Challenging Modern Portfolio Theory
This blog is part of a series that highlights insights from my upcoming book Goals-Based Investing.
Book Review
“I have known Tony Davidow professionally for 20+ years and know him to be a thought leader on the topics of goals-based investing, alternative investments, ESG, and behavioral finance. I think this book is an essential reference source for any advisor who wants to better understand the current and future state of wealth management for high-net-worth families.”
- Scott Welch, CIMA®, Board Member of the Investments & Wealth Institute
September 7, 2021
“A good portfolio is more than a long list of good stocks and bonds. It is a balanced whole, providing the investor with protections and opportunities with respect to a wide range of contingencies.” - Harry Markowitz
Modern Portfolio Theory (MPT) assumes that investors are risk-averse, and that a rational investor will select the optimal portfolio. MPT has inherent limitations: investors are not always rational, and they do not always select the less-risky portfolio. Investors often chase returns, gravitating to a hot manager or asset class, especially during bull markets. Markets are not always efficient, and they are prone to boom-and-bust periods, where emotions shift from euphoria to fear.
Critics point to MPT’s limitations, but many of the alternative asset allocation methodologies have drawbacks as well. The biggest limitation is the robustness and accuracy of the data used in developing your asset allocation. Mean-variance optimization (MVO) models use long-term capital market assumptions, but returns, risks, and correlations are not always stable over the long run. Using only long-term historical averages of the underlying asset classes may be a flawed approach if future results are dramatically different than the long-term historical data.
In fact, that is the challenge that we face today, with most capital market assumptions projecting substantially lower equity returns, fixed-income yields are near generationally low levels, and correlations across most traditional assets are elevated. Wealth advisors need an expanded set of investment options to meet their client’s goals and objectives.
Evolving Asset Allocation
Harry Markowitz introduced us to the value of diversification in building portfolios, but the world has changed a great deal since Markowitz’s seminal work in the 1950s. We need to learn the lessons of history and evolve our approaches to fit the current market environment. We need to expand the number of asset classes to identify opportunities and diversify risk.
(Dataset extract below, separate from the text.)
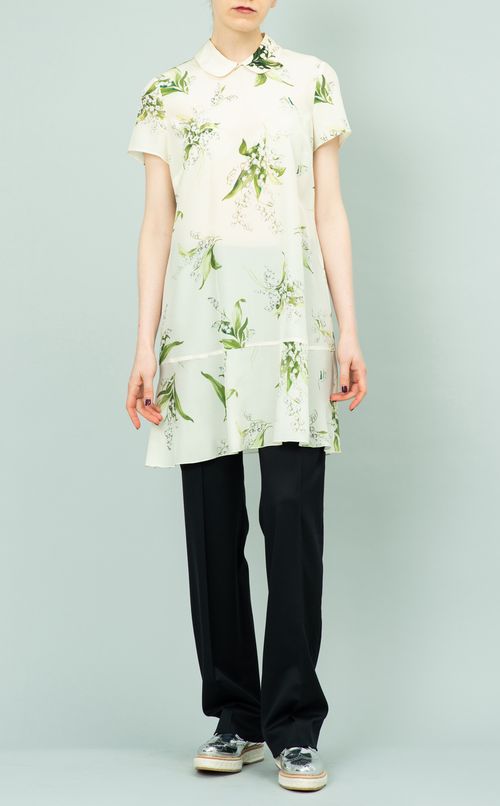 フラワープリントワンピース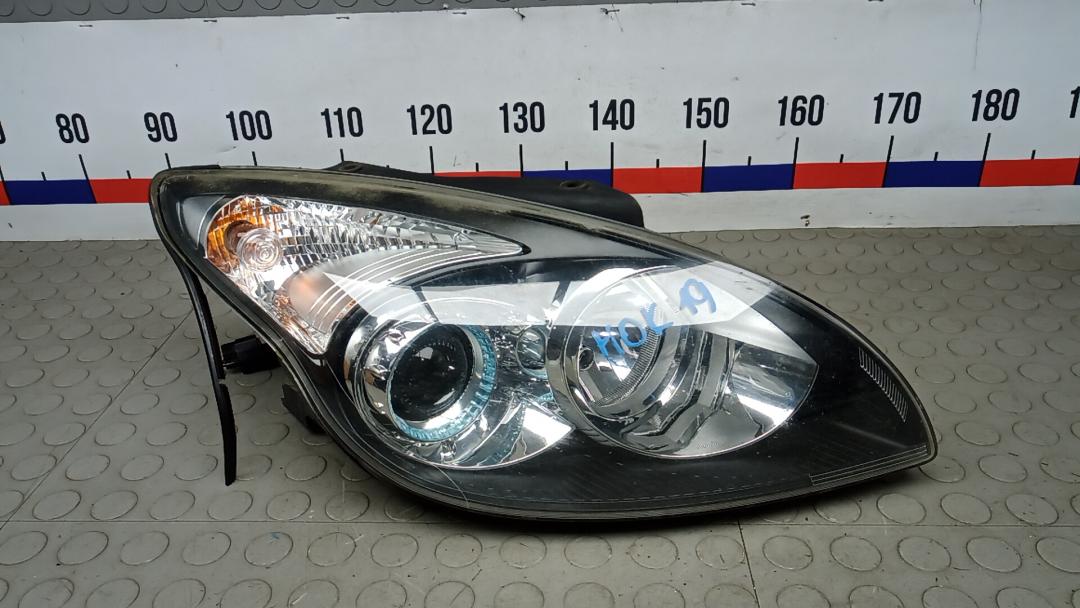 фара правая Hyundai i30 FD 2007, 1.6 л., бензин, МКПП, хетчбэк 5 дв. - фото №1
As advisors began to educate investors about the benefits of diversification, many adopted the 60/40 allocation as a popular benchmark portfolio. The long-term historical annual average of the S&P 500 has been 10.2 percent, and the long-term annual yield on fixed income has been roughly 4 percent. The equity allocation provided strong returns, the fixed-income allocation provided income, and together investors achieved some degree of diversification because of the investments’ relatively low correlation to one another.
The naive 60/40 portfolio provided attractive returns, income, and diversification, and investors could easily shift their allocations to generate higher returns or to accommodate other needs over time. But what if equity returns and bond yields are lower during the next 10 to 20 years? What if correlations among asset classes remain elevated? How can investors achieve their desired return requirements? Do they need to take on more risk or extend their time horizons?
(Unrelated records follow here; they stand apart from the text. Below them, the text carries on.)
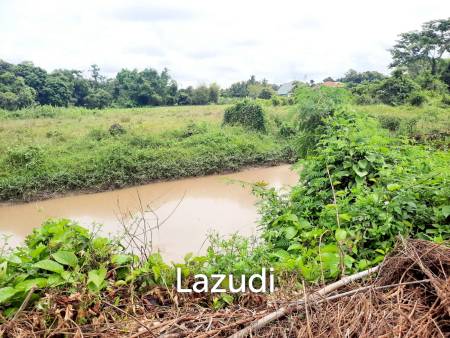 1 Rai 2 Ngan Land for Sale in Residential Area, Huai Sak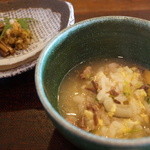 徳山鮓 - 熊肉の雑炊。山葵の葉と茎の飯漬け。蕨の醤油漬け
      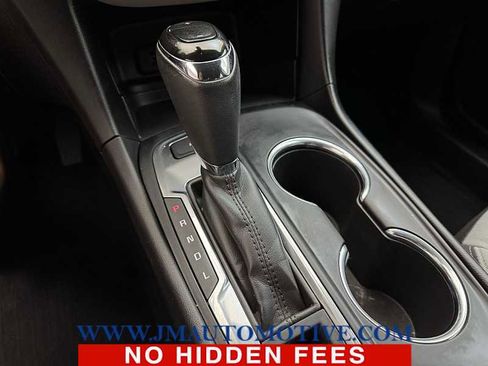 Used 2018 Chevrolet Equinox LT image 32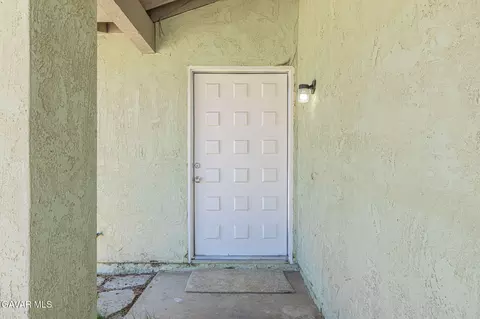 Entry Way - 601 Curve Cir, Lancaster, CA 93535 photo 1 of 2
Advisors should consider broader diversification across their equity and fixed income allocations, including international developed, emerging markets, high-yield bonds, real estate, commodities, and certain types of alternative investments. The broader diversification can help increase return, reducing risk and providing non-correlating returns.
Advisors need a better toolbox with more multi-faceted tools. With traditional returns and income likely well below their historical averages, advisors need to identify alternative sources of returns and income for their clients. They need to evaluate different strategies and structures to meet clients’ needs and objectives. Alternative investments may be valuable tools for advisors in meeting their client’s needs.
With the strong US equity market returns during the bull run, advisors have been slow to incorporate hedge fund strategies in a meaningful way. Some of this is due to the generally lackluster results of many of these strategies, and some is due to the lack of education and conformity in describing what these strategies are designed to do in a diversified portfolio. Most hedge fund strategies are not designed to outperform the S&P 500 in a rising market. Strategies such as equity hedge and event-driven hedge their exposure to the market, relative value is a conservative strategy designed to provide steady incremental returns, and macro and multi-strategy are defensive strategies that earn their stripes in difficult market conditions. Therefore, benchmarking these strategies relative to the S&P 500 are not meaningful.
Private markets (private equity, private credit, and real assets) are garnering a lot of attention lately because of their potential return, income, diversification, and inflation benefits[1]. These once-elusive asset classes are now available to more investors at lower minimums and with better liquidity.
Goals-Based Investing
Goals-based investing has become a mainstream response to the limitations of MPT, incorporating aspects of behavioral finance to solve for investor needs. Goals-based investing is intuitive and easy to explain to investors, and it fits neatly within the consulting process, providing the flexibility to solve for multiple goals simultaneously.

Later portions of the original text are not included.